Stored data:
* * * *

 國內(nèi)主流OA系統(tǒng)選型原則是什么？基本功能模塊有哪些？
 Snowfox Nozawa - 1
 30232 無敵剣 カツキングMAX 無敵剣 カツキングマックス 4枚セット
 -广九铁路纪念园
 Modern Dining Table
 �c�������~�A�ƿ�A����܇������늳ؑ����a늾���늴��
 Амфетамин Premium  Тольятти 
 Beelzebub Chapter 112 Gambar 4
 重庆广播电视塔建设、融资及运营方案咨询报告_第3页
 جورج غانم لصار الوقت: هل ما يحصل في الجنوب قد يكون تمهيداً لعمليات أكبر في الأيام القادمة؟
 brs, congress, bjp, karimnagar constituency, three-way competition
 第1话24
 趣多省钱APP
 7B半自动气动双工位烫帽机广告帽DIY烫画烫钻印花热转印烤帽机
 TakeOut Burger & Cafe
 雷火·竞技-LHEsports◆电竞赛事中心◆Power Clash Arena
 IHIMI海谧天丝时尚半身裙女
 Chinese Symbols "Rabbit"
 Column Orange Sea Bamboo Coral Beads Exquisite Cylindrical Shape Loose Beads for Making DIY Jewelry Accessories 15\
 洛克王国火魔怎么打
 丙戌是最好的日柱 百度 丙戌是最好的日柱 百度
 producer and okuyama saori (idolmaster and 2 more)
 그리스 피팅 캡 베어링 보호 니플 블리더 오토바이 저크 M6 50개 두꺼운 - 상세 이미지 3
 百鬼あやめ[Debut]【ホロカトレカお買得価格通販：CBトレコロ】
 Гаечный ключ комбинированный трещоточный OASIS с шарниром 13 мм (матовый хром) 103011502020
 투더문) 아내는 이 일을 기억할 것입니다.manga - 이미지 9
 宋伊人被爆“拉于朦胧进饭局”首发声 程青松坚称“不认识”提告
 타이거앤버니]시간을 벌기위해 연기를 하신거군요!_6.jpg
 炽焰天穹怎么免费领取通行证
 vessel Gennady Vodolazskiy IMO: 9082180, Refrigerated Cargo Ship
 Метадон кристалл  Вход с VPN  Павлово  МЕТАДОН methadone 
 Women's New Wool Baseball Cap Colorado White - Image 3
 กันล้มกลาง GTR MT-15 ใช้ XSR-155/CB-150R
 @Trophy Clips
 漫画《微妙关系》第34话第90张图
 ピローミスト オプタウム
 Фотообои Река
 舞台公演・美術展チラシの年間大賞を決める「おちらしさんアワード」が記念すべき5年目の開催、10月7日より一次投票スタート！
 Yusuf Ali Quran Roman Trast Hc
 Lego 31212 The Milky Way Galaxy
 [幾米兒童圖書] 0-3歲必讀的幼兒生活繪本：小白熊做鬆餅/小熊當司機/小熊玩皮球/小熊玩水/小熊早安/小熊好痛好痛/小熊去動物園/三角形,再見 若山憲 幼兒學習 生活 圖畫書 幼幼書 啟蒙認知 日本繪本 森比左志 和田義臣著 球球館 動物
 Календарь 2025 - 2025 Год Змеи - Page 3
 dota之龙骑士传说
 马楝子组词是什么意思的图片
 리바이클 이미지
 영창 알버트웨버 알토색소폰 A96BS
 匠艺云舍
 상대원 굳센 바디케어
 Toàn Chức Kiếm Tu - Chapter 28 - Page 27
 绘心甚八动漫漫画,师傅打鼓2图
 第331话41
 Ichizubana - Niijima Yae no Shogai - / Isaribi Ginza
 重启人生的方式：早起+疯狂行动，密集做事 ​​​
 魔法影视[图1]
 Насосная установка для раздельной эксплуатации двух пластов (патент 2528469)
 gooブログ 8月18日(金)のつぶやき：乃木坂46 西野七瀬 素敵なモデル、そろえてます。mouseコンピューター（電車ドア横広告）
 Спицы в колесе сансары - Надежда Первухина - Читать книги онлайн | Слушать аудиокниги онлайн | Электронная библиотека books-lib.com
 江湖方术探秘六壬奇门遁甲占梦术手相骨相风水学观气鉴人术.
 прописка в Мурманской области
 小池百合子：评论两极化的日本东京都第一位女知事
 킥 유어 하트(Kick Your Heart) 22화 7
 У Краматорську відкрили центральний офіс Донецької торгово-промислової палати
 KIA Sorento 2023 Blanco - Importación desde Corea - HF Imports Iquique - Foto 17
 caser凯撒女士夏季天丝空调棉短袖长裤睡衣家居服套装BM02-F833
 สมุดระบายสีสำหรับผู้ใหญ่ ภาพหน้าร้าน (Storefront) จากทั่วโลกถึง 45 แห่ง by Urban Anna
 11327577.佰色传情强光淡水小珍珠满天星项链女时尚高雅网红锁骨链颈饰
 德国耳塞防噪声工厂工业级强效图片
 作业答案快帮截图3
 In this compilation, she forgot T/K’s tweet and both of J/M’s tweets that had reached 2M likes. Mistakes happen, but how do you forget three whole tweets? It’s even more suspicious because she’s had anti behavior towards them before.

* * * *

_EXERCISE PROMPT_
An exact copy of the lines above, from the one containing "绘心甚八动漫漫画,师傅打鼓2图" through the one containing "У Краматорську відкрили", is the whole of the answer.

_THE ANSWER_
 绘心甚八动漫漫画,师傅打鼓2图
 第331话41
 Ichizubana - Niijima Yae no Shogai - / Isaribi Ginza
 重启人生的方式：早起+疯狂行动，密集做事 ​​​
 魔法影视[图1]
 Насосная установка для раздельной эксплуатации двух пластов (патент 2528469)
 gooブログ 8月18日(金)のつぶやき：乃木坂46 西野七瀬 素敵なモデル、そろえてます。mouseコンピューター（電車ドア横広告）
 Спицы в колесе сансары - Надежда Первухина - Читать книги онлайн | Слушать аудиокниги онлайн | Электронная библиотека books-lib.com
 江湖方术探秘六壬奇门遁甲占梦术手相骨相风水学观气鉴人术.
 прописка в Мурманской области
 小池百合子：评论两极化的日本东京都第一位女知事
 킥 유어 하트(Kick Your Heart) 22화 7
 У Краматорську відкрили центральний офіс Донецької торгово-промислової палати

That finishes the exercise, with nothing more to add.